Put more simply, if banks are big enough, they can do whatever they want because they know that the US Treasury and the Fed are there to backstop them.
But who is the other party who bears the consequences of banks’ poor behavior?
Well, my friend, if you use US Dollars, it’s you.
“Too big to fail” banks have been granted a license to do whatever they’d like at the expense of the US Dollar.
We now have what analyst Jim Bianco calls a two-tiered banking system…
…and having this sort of system will do further damage to both the regional banks that depositors feel aren’t “too big to fail” and the value of the US Dollar.
Three things will likely happen as a result of regional banks failing, two of which have already begun to occur:
More and more people and businesses will begin to bank with Big 4 Banks, giving Big 4 Banks more power
Big 4 Banks will help bail out regional banks in exchange for ownership of them, giving Big 4 Banks more power
Regional banks will simply go under, giving Big 4 Banks more power
And the more powerful and bigger Big 4 Banks get, the more “too big to fail” they will become, which means that the US Treasury and the Fed will have to continue to favor them over the value of the US Dollar.
A market economy is supposed to root out and punish bad (insolvent) actors, but, according to what Yellen said in the video above, she and members of the Fed get to decide if those bad actors can even be punished without causing a crisis.
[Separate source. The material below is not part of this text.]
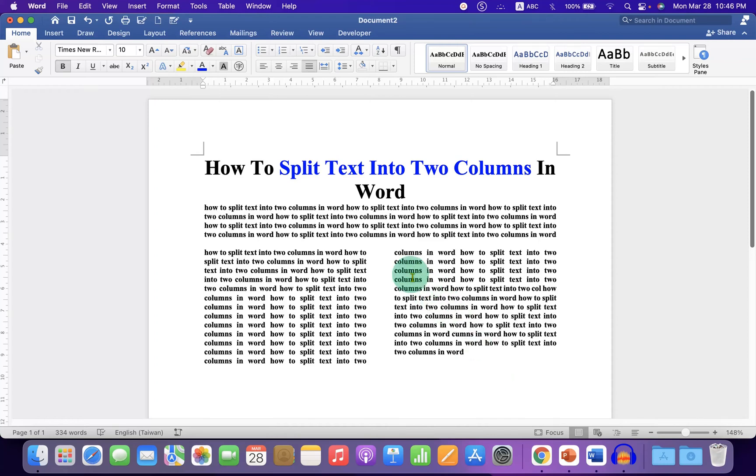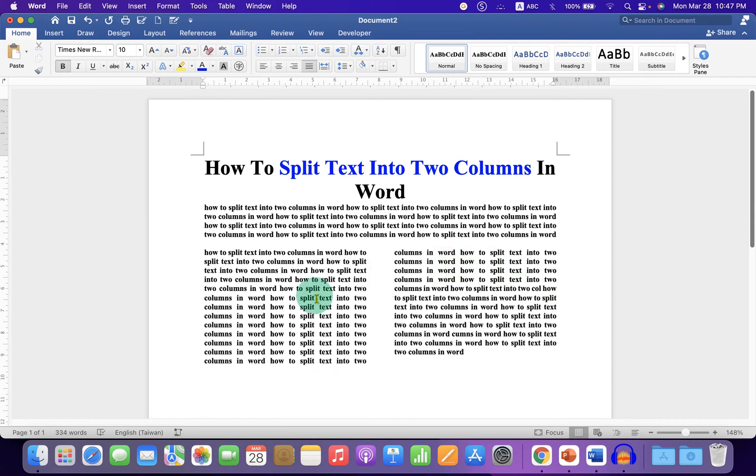In this video, you will see how to split text into two columns in Word document like this. There are two quick methods. Let's see each method one by one.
Put another way, the people in charge of money in the US continue to further destroy the country’s market economy.
Why is it important to have a market economy? Because, if you don’t, you get even more unelected bureaucrats and administrators making more decisions like the one’s that Yellen and Powell are making in the absence of a completely destroyed pricing mechanism.
(Without going too far off on a tangent here, I will say that I am in favor of a progressive taxation scheme that serves to provide social welfare and human services, as I don’t think a market economy alone automatically distributes resources adequately. I’m simply against lobotomizing the pricing mechanism, because doing so presupposes that board of bureaucrats is more intelligent than all of the information that goes into every transaction that takes place in our economy. More on that in another edition of the newsletter, though.)
When a system centralizes to such a degree — when bureaucrats and administrators protect bad actors in the name of “stabilizing” the system — the system actually becomes further destabilized, and these scenarios tend to not end well.
So, to answer my initial question(s)…
No, I don’t think the US Treasury and the Fed can save the US banking system and preserve the value of the US Dollar. I think they have to continue to choose one or the other, and I have little doubt that they will continue to choose the banking system.
That’s just my humble opinion, though.
I don’t pretend to know all of the levers that can be pulled to get us out of the predicament we’re currently in or what a factor like over 80% of the world’s debt being denominated in US Dollars plays in this situation.
However, I do end up thinking to myself:
“Man, wouldn’t it be so awesome if we had a network and an asset that solved both the issue of banking counterparty risk AND the devaluation of currency? It would so be so cool if we had such a network and an asset — especially as the deterioration of the old system accelerates.”